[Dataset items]
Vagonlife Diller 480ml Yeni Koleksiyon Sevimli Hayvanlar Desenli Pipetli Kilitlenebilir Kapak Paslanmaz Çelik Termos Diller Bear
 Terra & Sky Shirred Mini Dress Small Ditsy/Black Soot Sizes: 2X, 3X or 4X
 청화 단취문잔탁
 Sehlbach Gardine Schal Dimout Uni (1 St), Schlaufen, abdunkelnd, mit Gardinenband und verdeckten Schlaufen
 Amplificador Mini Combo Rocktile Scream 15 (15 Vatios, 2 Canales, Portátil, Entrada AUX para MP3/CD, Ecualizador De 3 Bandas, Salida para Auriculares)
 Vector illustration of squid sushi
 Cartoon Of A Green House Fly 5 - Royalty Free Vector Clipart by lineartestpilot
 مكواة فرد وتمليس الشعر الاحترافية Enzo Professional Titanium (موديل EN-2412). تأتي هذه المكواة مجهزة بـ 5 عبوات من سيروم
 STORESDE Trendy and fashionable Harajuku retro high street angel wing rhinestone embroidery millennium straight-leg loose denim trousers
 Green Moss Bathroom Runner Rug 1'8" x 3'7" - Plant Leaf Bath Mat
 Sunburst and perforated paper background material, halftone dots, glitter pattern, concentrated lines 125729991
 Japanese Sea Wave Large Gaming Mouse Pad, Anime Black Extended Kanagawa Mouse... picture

> What the exercise asks
Write out the lines above exactly, but only from the one containing "Cartoon Of A" through the last one.

> Response to this exercise
 Cartoon Of A Green House Fly 5 - Royalty Free Vector Clipart by lineartestpilot
 مكواة فرد وتمليس الشعر الاحترافية Enzo Professional Titanium (موديل EN-2412). تأتي هذه المكواة مجهزة بـ 5 عبوات من سيروم
 STORESDE Trendy and fashionable Harajuku retro high street angel wing rhinestone embroidery millennium straight-leg loose denim trousers
 Green Moss Bathroom Runner Rug 1'8" x 3'7" - Plant Leaf Bath Mat
 Sunburst and perforated paper background material, halftone dots, glitter pattern, concentrated lines 125729991
 Japanese Sea Wave Large Gaming Mouse Pad, Anime Black Extended Kanagawa Mouse... picture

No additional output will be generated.